In Shakespeare’s day the audience would refer to going to “hear a play” rather than see it. Complicité’s streamed production The Encounter seems to be trying to resurrect that notion. It places sound firmly front and centre (literally) to create an assault on the ears the like of which I can guarantee you will have never experienced before. If you’re not sure what the term “immersive theatre” means, then begin here.
It is perhaps unusual to start a review by referencing the sound designers but in this instance it is fully justified; Gareth Fry and Pete Malkin’s soundscape is nothing short of a triumph and, even should you find nothing to engross you about the storyline, it is worth watching this piece just for the aural experience alone.
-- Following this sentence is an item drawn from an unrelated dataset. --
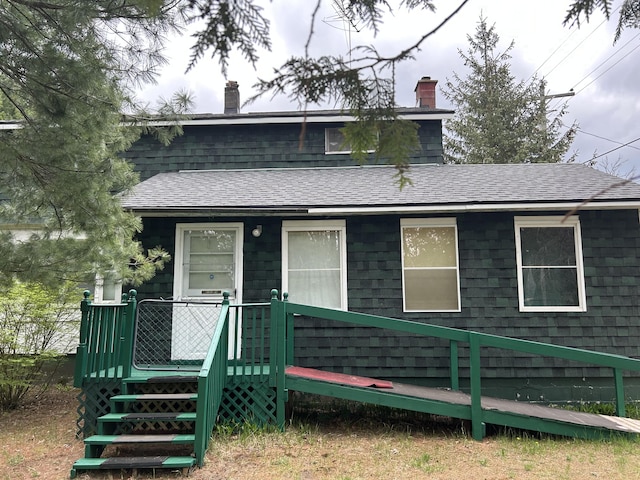 1902 W Ogilvie Ave, Baldwin, MI 49304 - view of front facade with a chimney and roof with shingles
Headphone wearing is absolutely essential though, being a collective experience, it must have been odd to sit in a theatre completely isolated from everybody else; in fact, this production may well work better in the home environment. The opening sequence when the intricacies of the system are explained is delightful. It put me in mind of albums that could be purchased in the late Sixties, often called something like This Is Stereo (or Quadrophonic), which introduced listeners to a brave new world of sound. This is intelligent referencing as the main narrative takes place in 1969. It is also clever on another level as solo performer Simon McBurney puts us through our paces making us think that the show proper has yet to begin, when in fact it already has.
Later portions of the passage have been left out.